Brazil Enters Big Leagues In Global Sports Sponsoring

Petrobras and other Brazilian firms are using sports sponsorships to up their international profile. Brazil’s booming economy gives them extra leverage in places like Argentina and Chile, but it may also be pricing them out at home.

Petrobras is one of two Brazilian companies sponsoring Argentina's River Plate (above) soccer team
Petrobras is one of two Brazilian companies sponsoring Argentina's River Plate (above) soccer team
Daniel Cardoso

FLORIANÓPOLIS -- The dejected players left the field, some in tears. In the stands, the team's fans stood stunned. Sadness quickly turned to anger as reality began to sink in: for the first time its glorious 110-year history, River Plate – Argentina's second most popular football team – had just been relegated to the second division.

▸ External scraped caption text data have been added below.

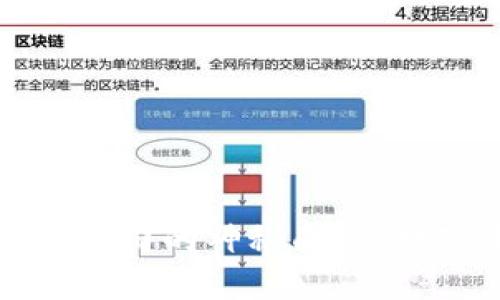 揭开日本区块链公司的神秘面纱：数字未来的引领者
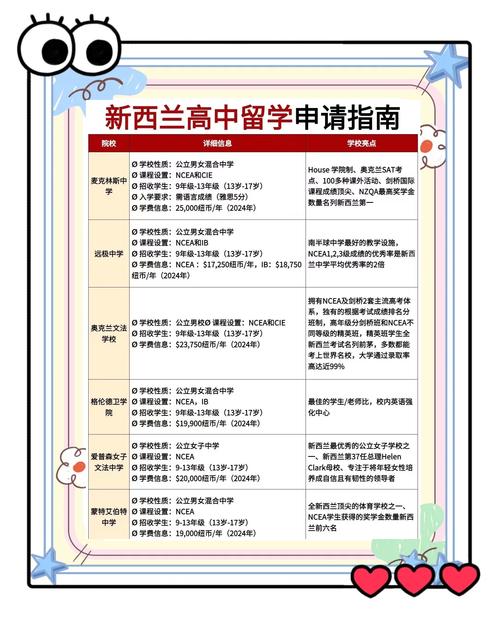 新西兰高中大学申请条件
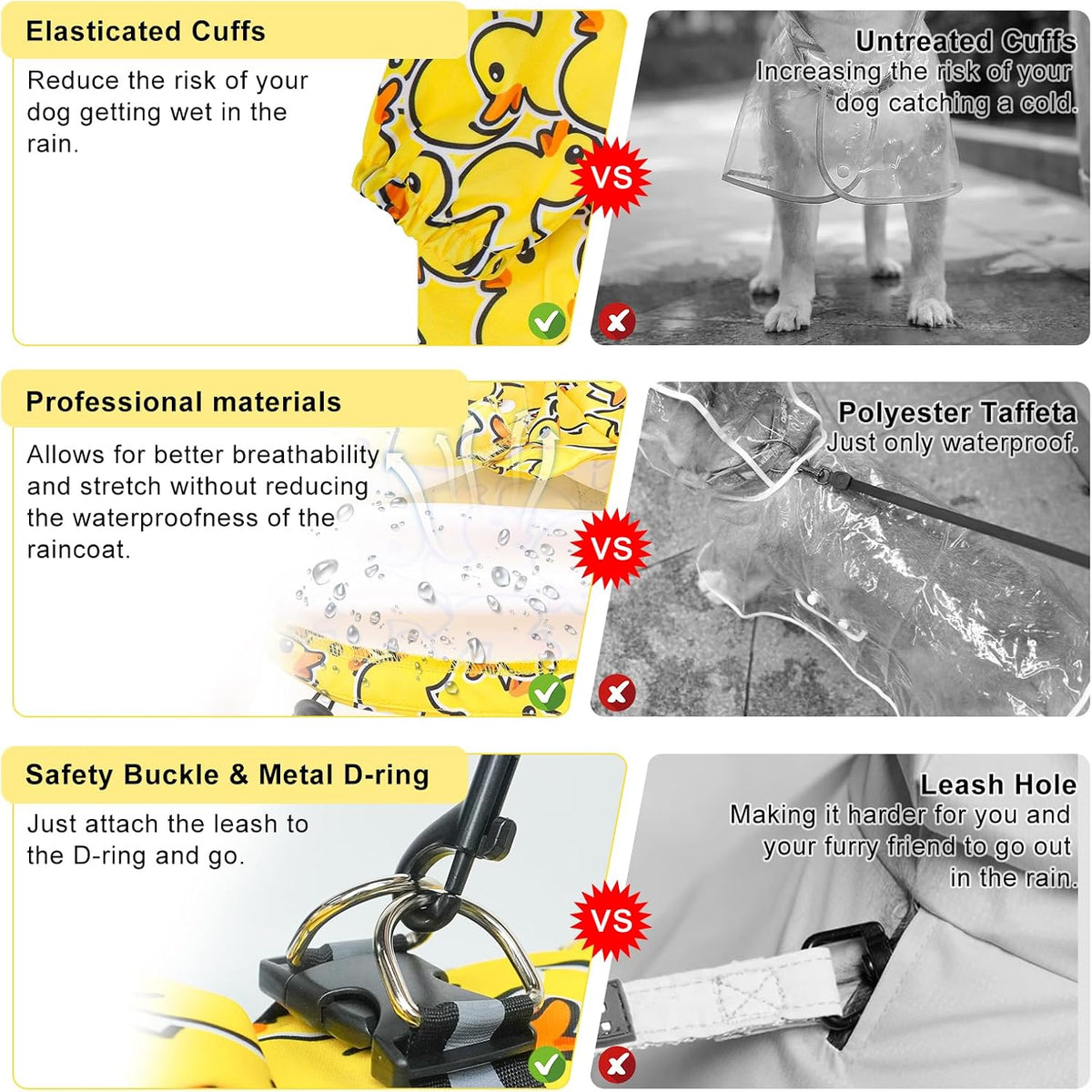 Dog Raincoats for Medium Dogs, Waterproof Rain Jacket with Hood – Essentials for Dogs - Duck Yellow / S(Back 13.2", Chest 18.5", Neck 13.9") - image 3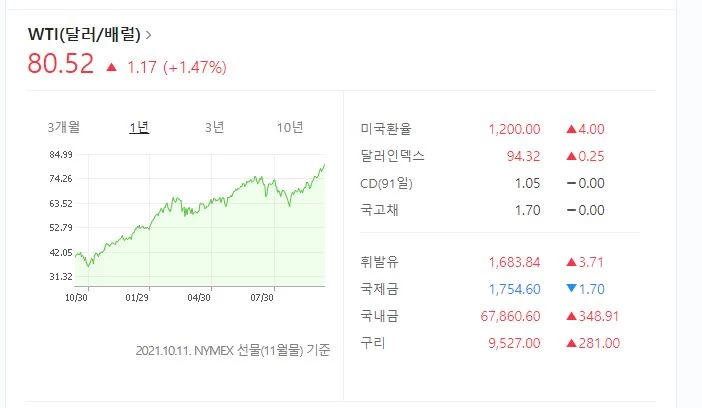 계속해서 상승하는 유가. 결국 배럴당 80달러를 돌파했다. / 뉴욕상업거래소 자료, 네이버 증권 포털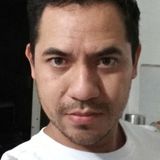Rocho from Capilla de Guadalupe | Man | 39 years old | Pisces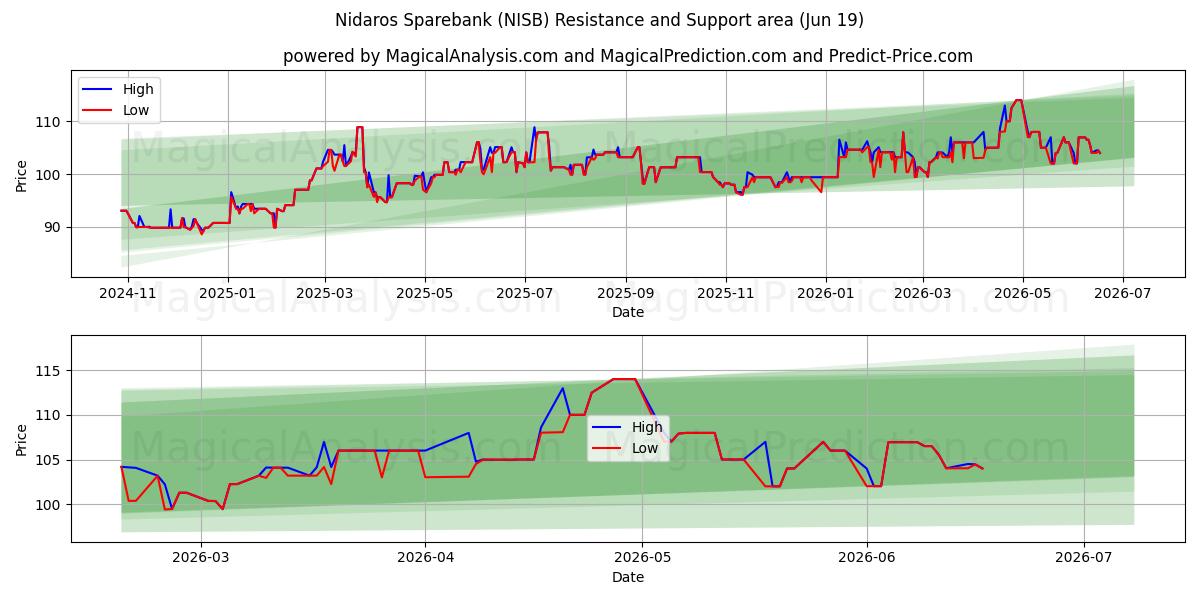  Nidaros Sparebank (NISB) Support and Resistance area (18 Jun) 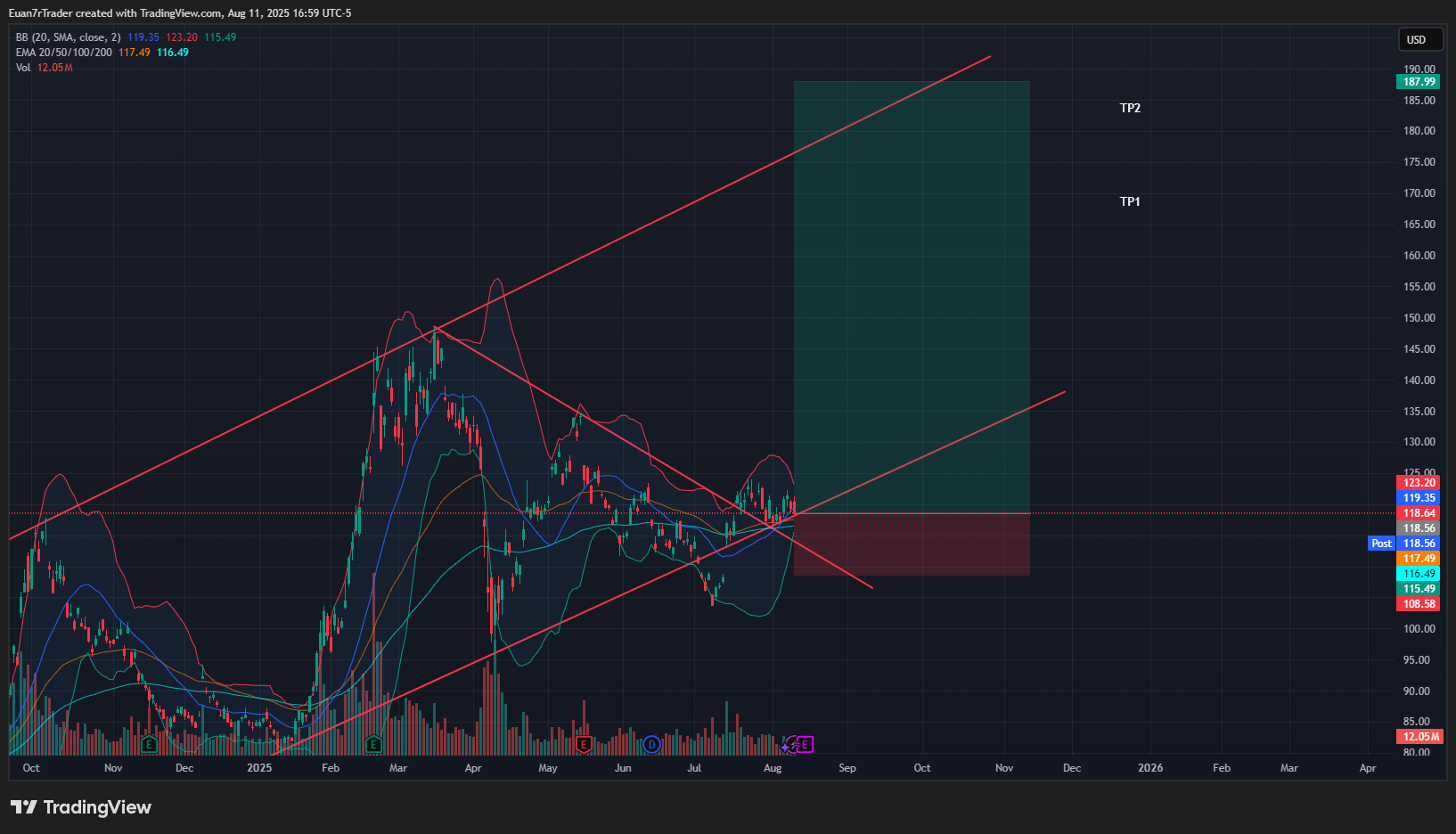 BATS:BABA Chart Image by Euan7rTrader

But while the emotional blow was mostly felt in Argentina, the economic shock of River Plate's dismal downgrade hit hardest across the border - in Brazil, home to Petrobras and Tramontina, the team's principal sponsors. Tramontina, a knife manufacturer based in Rio Grande do Sul, has done business in Argentina for 40 years. Besides being featured on River Plate's jerseys, the company's logo also appears on the team's outdoor training facilities, in River Plate advertisements and on its official website. The same goes for Petrobras, the Brazilian oil giant.

Tramontina's contract with River Plate expires in December. The team's deal with Petrobras goes until next June. But even if both companies decide to cut their ties with River Plate, neither is likely to pull out of the Argentine market altogether. Nor are they the only Brazilian firms happy to sign sponsorship deals there. According to Amir Somoggi, director of a sports consulting firm called BDO Brasil, Brazilian companies have a lot of cross-border negotiating power these days thanks to the booming economy and the relative strength of the real. "With Argentina there's the added fact that it has historically had good commercial relations with us," he says.

Besides sponsoring River Plate, Petrobras also has a hand in Argentine auto racing. It has sponsorship deals in other South American countries as well. For a while Chile's main soccer tournament went by the name "Petrobras National Championships."

Brazil's economy, too hot to handle?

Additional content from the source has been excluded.